GRAINE-ÉROS DE L’ÉGRÉGORE Giallo Oscuro de John Menoud et Benoît Moreau (2017)

« Il y a des mystères qui demeurent inexpliqués. Mais le seul, l’unique mystère est que nos vies, c’est indéniable, sont gouvernées depuis toujours par les morts. » — Kazanian à Rose Elliott, Inferno de Dario Argento

 

Prenant racine à la fois dans Psychose d’Alfred Hitchcock et dans Le Voyeur de Michael Powell, deux films sortis 1960, le giallo est un genre cinématographique né en Italie sous la caméra de Mario Bava avec La Fille qui en savait trop (1963) et Six femmes pour l’assassin (1964).

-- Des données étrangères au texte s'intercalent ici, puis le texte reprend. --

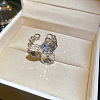 Brass Rhinestone Cuff Open Rings WGF4CCA-01-1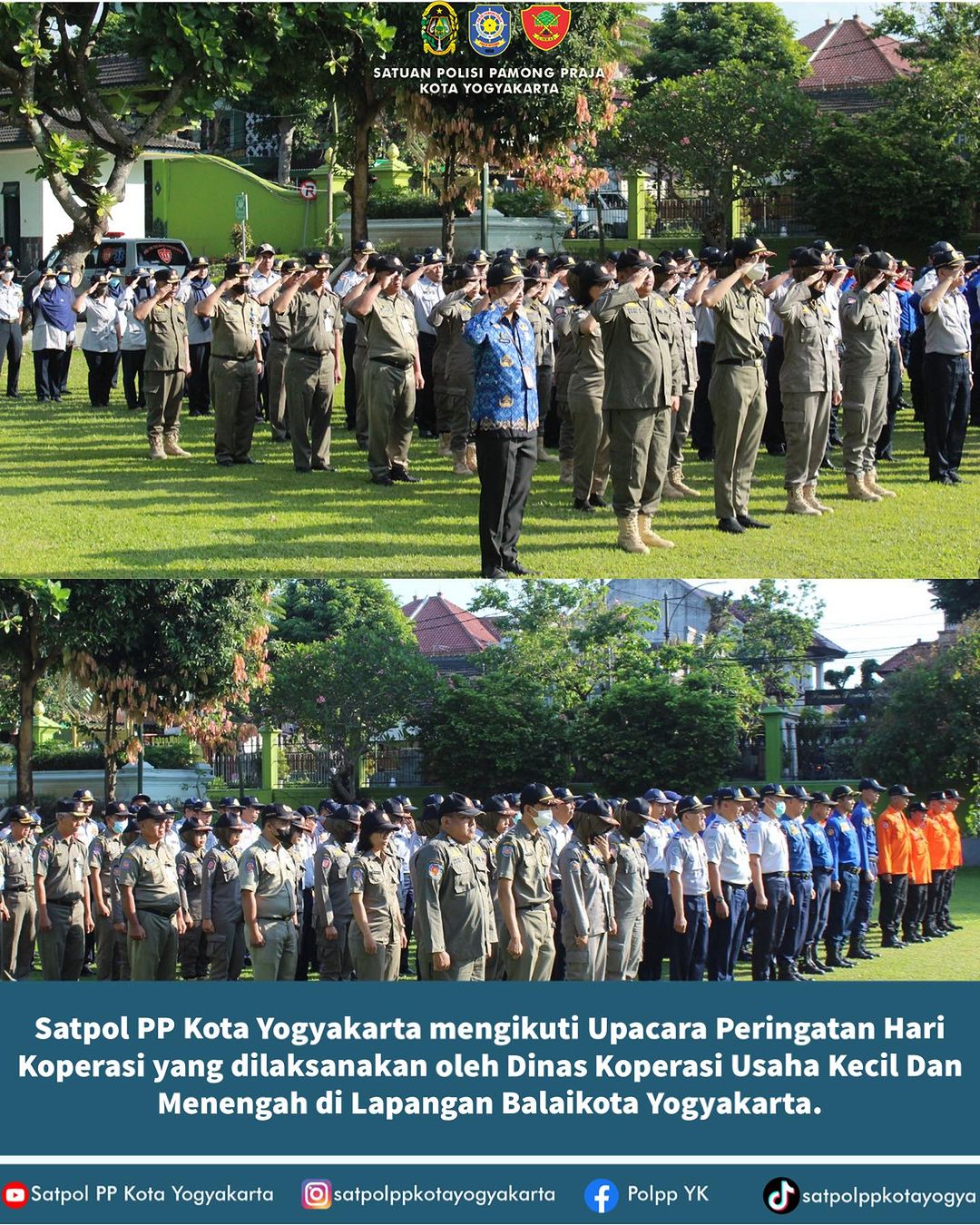 Satpol PP Kota Yogyakarta mengikuti Upacara Peringatan Hari Koperasi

Croisement entre le thriller, le film d’horreur et le cinéma érotique, il tire son nom d’une collection de romans de gare publiés par Mondadori facilement identifiables grâce à leur couverture jaune (giallo). Il donnera naissance à son tour au slasher une décennie plus tard – mais ça, c’est une autre histoire. Le giallo connaîtra un succès considérable à partir de 1970 avec L’Oiseau au plumage de cristal, premier film du jeune critique de cinéma Dario Argento. S’inspirant du théâtre du Grand-Guignol, les films se caractérisent par des meurtres très sanglants et pervers, opérés à l’arme blanche par un assassin dont on voit seulement les mains gantées de cuir, le tout filmé avec une grande virtuosité et des mouvements de caméra très stylisés. Ces films sont souvent accompagnés de bandes originales passionnantes car très particulières dans leurs orchestrations et arrangements. Ennio Morricone, Bruno Nicolai, Claudio Simonetti et Goblin, Piero Piccioni, Bruno Canfora, Stelvio Cipriani, Riz Ortolani sont autant de noms célèbres dans le genre qui ont osé des innovations musicales, s’émancipant des codes parfois ronflants de la musique de film, cherchant de nouvelles sonorités et amenant des textures que l’on retrouve d’habitude dans la musique contemporaine ou concrète, l’électro-acoustique, le free-jazz, le rock (prog, psyché) ou la pop.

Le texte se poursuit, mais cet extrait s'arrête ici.